EXERCISE AIM: For this task, copy all of the data below exactly and skip the pictures.

DATA BLOCK below:

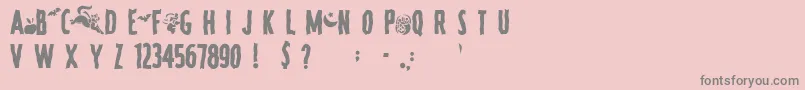 Fonte SpookyRegular – fontes cinzas em um fundo rosa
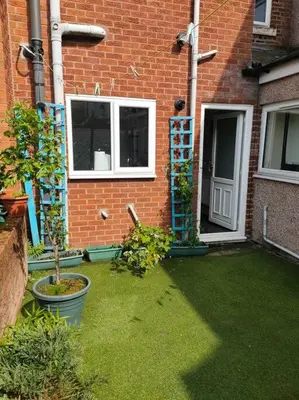 a house with a yard with plants and a door at Family Home Near City Centre - New KING bed! in Carlisle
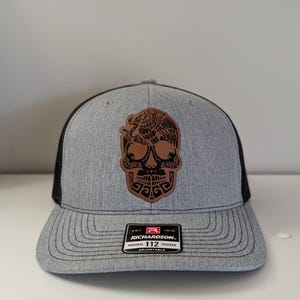 May include: A gray and black trucker hat with a brown leather patch featuring a black skull with an eagle design. The patch has the text "EST. 1970 RICHARDSON. ORIGINAL 112 TRUCKER ADJUSTABLE".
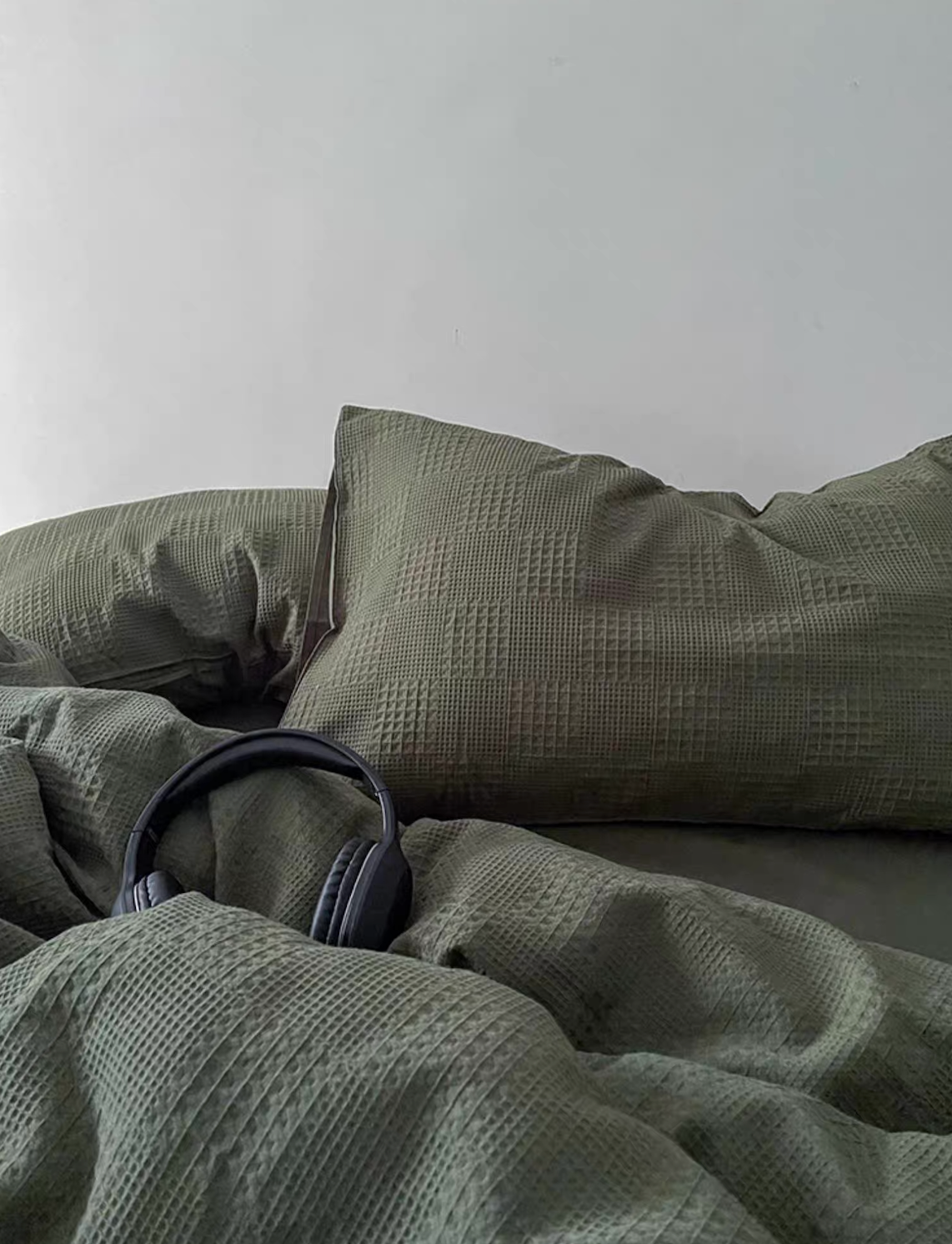 Army green waffle-weave duvet and oversized pillow; minimal bed scene with headphones for a relaxed aesthetic.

End of DATA BLOCK.

ANSWER FOR THE TASK:
 Fonte SpookyRegular – fontes cinzas em um fundo rosa
 a house with a yard with plants and a door at Family Home Near City Centre - New KING bed! in Carlisle
 May include: A gray and black trucker hat with a brown leather patch featuring a black skull with an eagle design. The patch has the text "EST. 1970 RICHARDSON. ORIGINAL 112 TRUCKER ADJUSTABLE".
 Army green waffle-weave duvet and oversized pillow; minimal bed scene with headphones for a relaxed aesthetic.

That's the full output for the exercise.